Comcast to Philly: Drop dead

NHL Live, airing on the NBC Sports Network, is now produced in the new Stamford complex. Here is the NHL Live team of Liam McHugh, Mike Milbury and Keith Jones. The NBC Sports headquarters employees are expected to relocate there this summer.

This story got buried yesterday in the purple haze of excitement over Tom Corbett's one-of-a-kind insights on unemployment and drug tests: NBC Sports -- a major outfit that traces its current parentage to Philadelphia's Comcast -- is leaving its longtime headquarters at 30 Rock in Midtown Manhattan.

Yup, the prestigious TV unit is coming to, uh, Connecticut???

STAMFORD, Conn. - Officials call Connecticut the sports-media headquarters of the world, with the 19-building complex that is ESPN in Bristol and offices for World Wrestling Entertainment Inc. and the Yankees' YES Network here.

Now they can add NBC Sports.

Lured by generous tax credits and modern TV studios, the Comcast Corp.-owned NBC Sports is bailing on 30 Rockefeller Plaza in midtown Manhattan - the most prestigious address in the TV business - after rehabbing and reconfiguring a Clairol hair-products factory for $100 million.

Since this is the Inquirer's take on the story, I'm a little surprised that the local angle got buried. Because of Comcast's tangled history with NBC, there were actually a goodly number of NBC Sports jobs here in Philadelphia, many of them linked to the NBC Sports Network Formerly Known As Versus Formerly Known As The Outdoor Life Network Founded A While Back By Comcast. Now most of those jobs -- 120 of them, to be exact -- are leaving Philly for the natural splendor of the Nutmeg State.

It wasn't supposed to be like this. Now if you're like me and like most Philadelphians, you are probably a Comcast customer, and if you are a Comcast customer, there almost certainly have been days that you wanted to strangle Comcast.

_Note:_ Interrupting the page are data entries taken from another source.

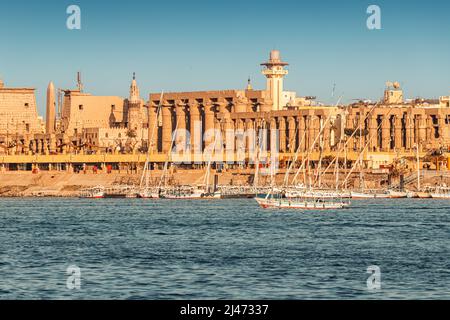 La célèbre ville de Louxor sur la côte du Nil en Égypte. Attractions touristiques et merveilles du monde Banque D'Images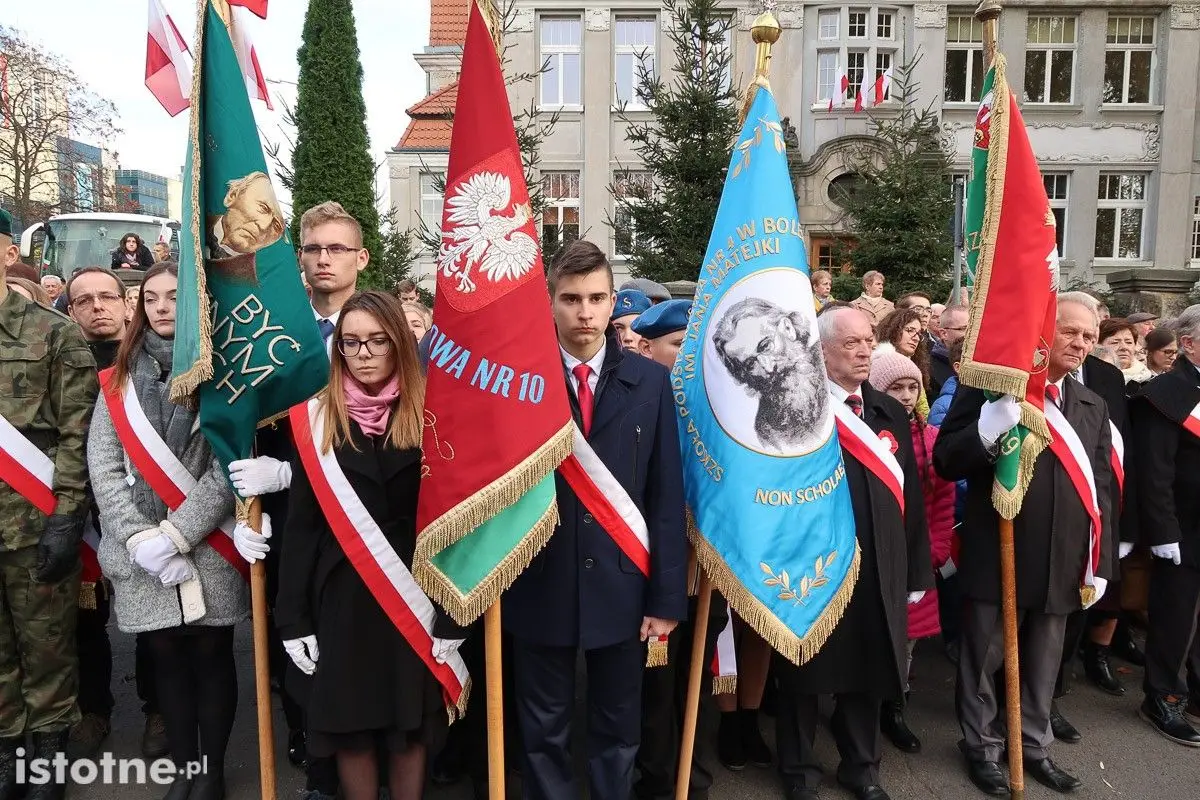 Uroczystość odsłonięcia pomnika 100-lecia Odzyskania Niepodległości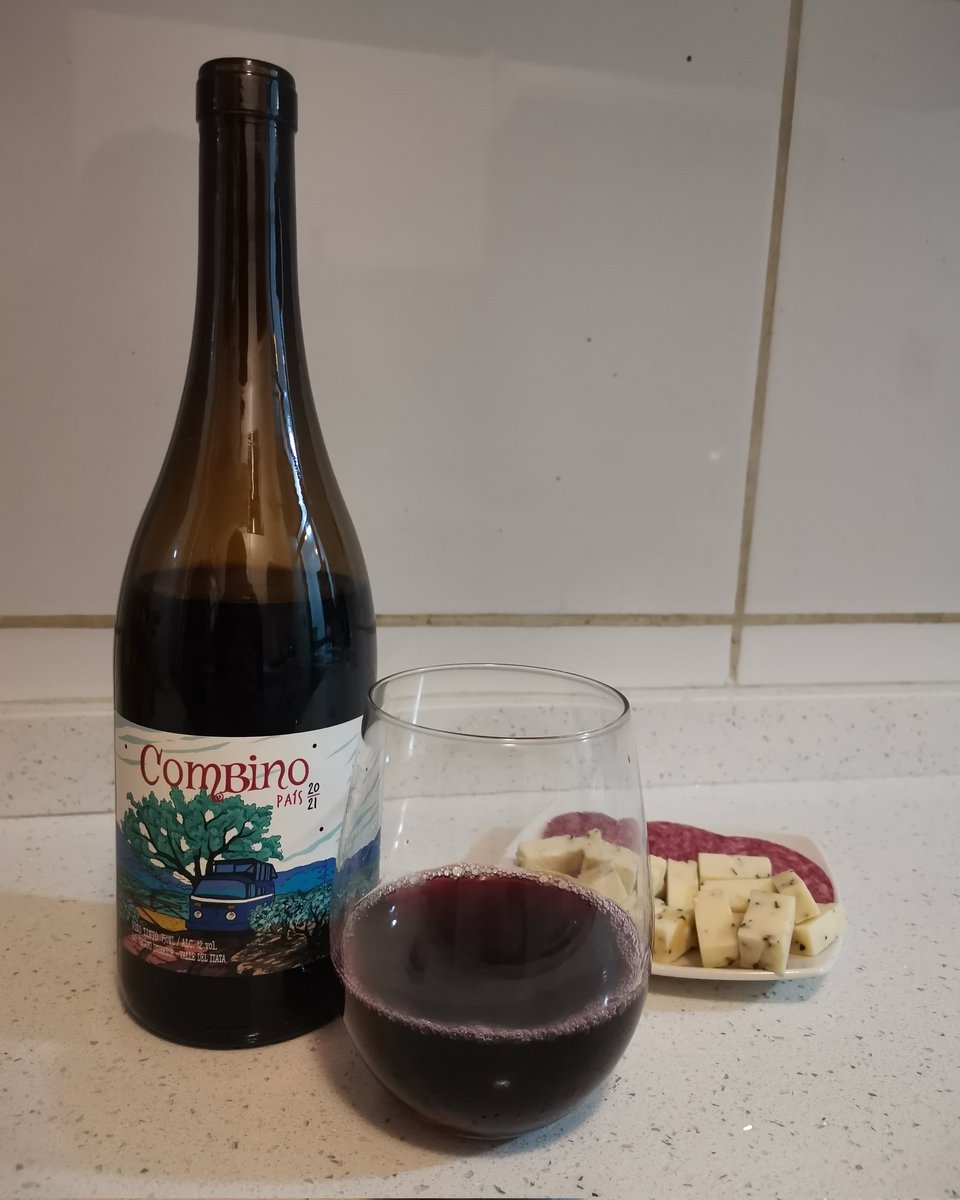PauloSanMartn1's tweet photo. Cerrando la jornada con su pipeño bacán.

Rica cepa país de #combino 🤤🍷

#BuenSabado https://t.co/oODqe1KfX6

That said, at least for me, it's kind of a love-hate relationship -- and here's why: Philadelphia needs jobs, and when it comes to creating jobs -- at least in that old-fashioned large-scale capitalist way, Comcast was our last best hope. I arrived here at the end of the 1980s, and since then I've seen most of the corporate entitles -- banks, departments stores -- either fold or merge with someone somewhere else. New York has Wall Street, L.A. has Hollywood, Detroit has cars (still, sort of) -- Philadelphia was "the Workshop of the World"...back in the time of Connie Mack and W.C. Fields.

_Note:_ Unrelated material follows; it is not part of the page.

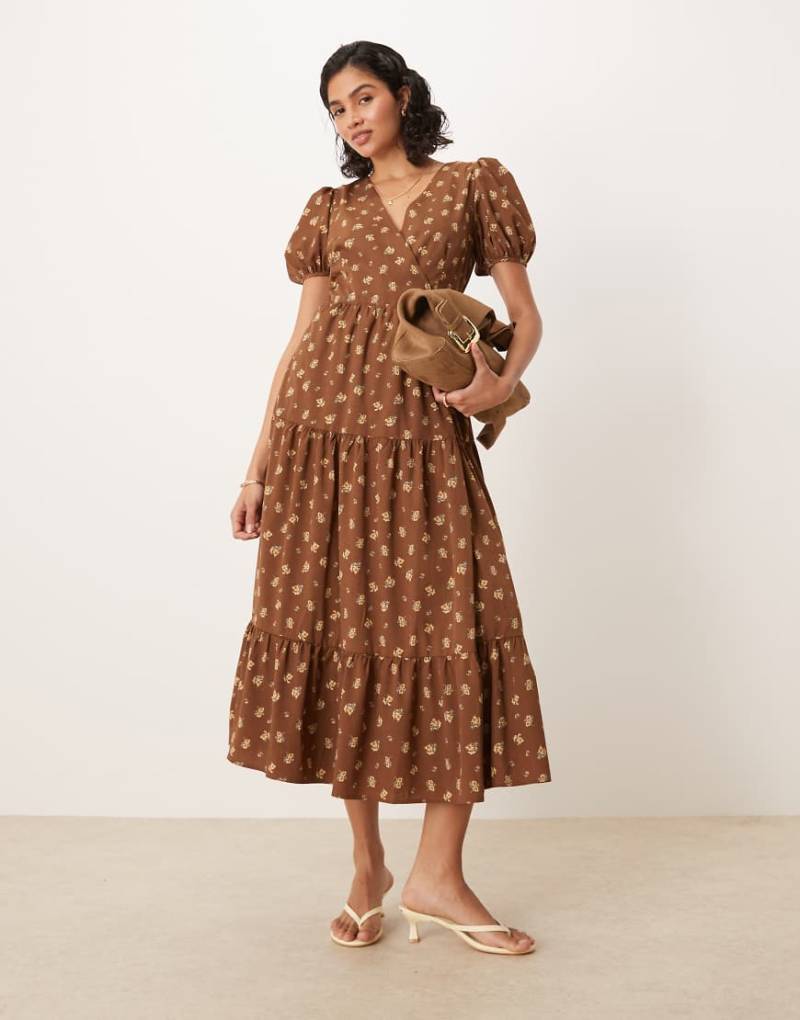 Glamorous - Kurzärmliges Wickel-Maxikleid in Braun mit Blümchenmuster von Glamorous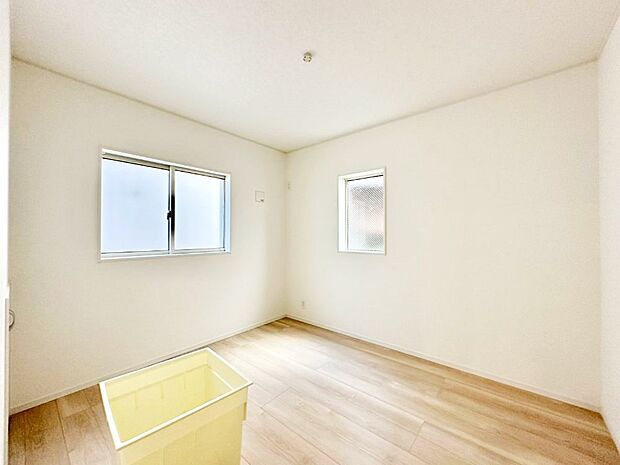 窓からのやさしい光が心地よいプライベートルーム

In the day of ?uestlove and Chip Kelly, we have...Comcast. And they know it. So the cable/entertainment giant throws its massive weight around town, as it did recently in lobbying, successfully, to kill mandatory sick leave for Philadelphia workers. My friend Daniel Denvir of the City Paper recently spotlighted that and other aspects of Comcast's outsized influence in Philly, including the massive tax breaks for keeping its corporate headquarters here in the towering Comcast Center, and the unprecedented amount of love that Comcast also received here when it was seeking Washington's approval of the NBC-Universal merger. As Denvir's story notes:

Nowhere was merger support stronger than in Philadelphia, where then-Gov. Ed Rendell said it would bring “prestige” to the city and Mayor Michael Nutter gushed that “any announcement that shines a positive national spotlight on Philadelphia can only be good news for this city and for all Philadelphians.” 

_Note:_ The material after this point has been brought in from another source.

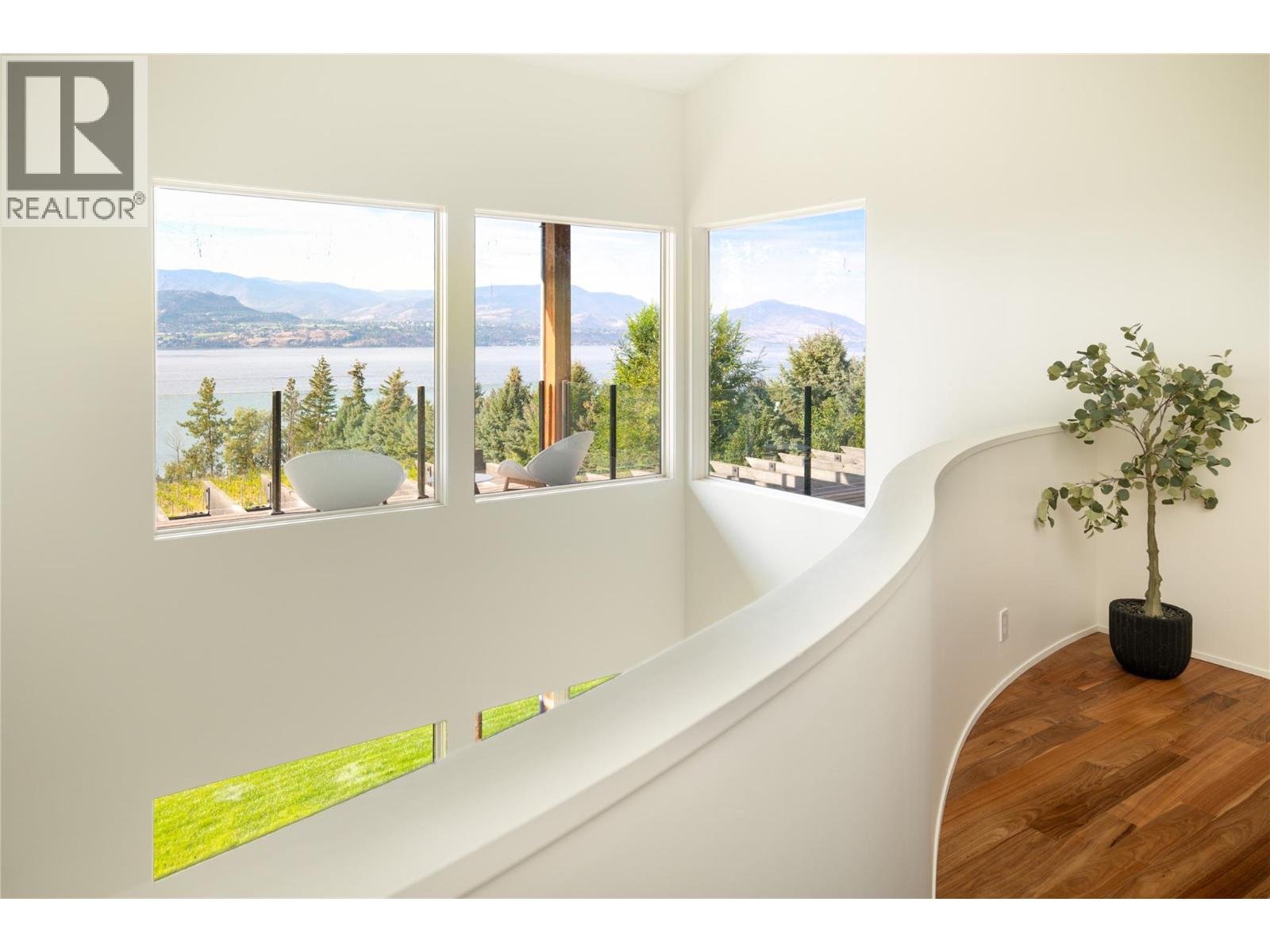  4840 LAKESHORE Road, Kelowna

U.S. Rep. Bob Brady led 15 of Pennsylvania’s 18 House members in signing a letter to the FCC, drafted by Comcast lobbyist (and former chief of staff to Sen. Arlen Specter) David Urban, promoting the deal. It would be, Brady’s chief of staff suggested to the Inquirer, “congressional malpractice to not help a major employer and taxpayer [in the state].” Rep. Allyson Schwartz signed, as did Rep. Chaka Fattah, who also joined a group of black and Hispanic lawmakers urging approval.

What chumps! This infuriated me at the time -- in a city that's supposedly known for its "brass-knuckle politics," why was no one (figuratively) pummeling Comcast in the head, telling local honcho (and former Rendell top aide) David L. Cohen that the local delegation would not support the merger unless Comcast promised to steer some of the tens of thousands of jobs that would now be at its disposal -- in movie and TV production, not to mention sports -- to Philadelphia, where jobs are so desperately needed?

Instead, Comcast has played our politicians like fools, taking well-paying jobs that would have meshed perfectly here in Philly and taken them north to Connecticut. It's even more tragic when you think how a spacious facility like the Navy Yard -- in the shadow of arguably America's most vibrant sports complex on South Broad Street -- could have given Comcast/NBC Sports everything it wanted in terms of space, prestige, easy train access to New York, et certera. It didn't happen - I'm guessing probably because some overpaid and overly self-satisfied NBC Sports executive just bought an overpriced house in Fairfield County.

So Comcast's message to the city that -- beyond all reason and understanding -- has loved it back, was quite simply, drop dead.

Which leaves one sport that Philadelphia excels in: Charlie-Brown-and-Lucy-football-kicking.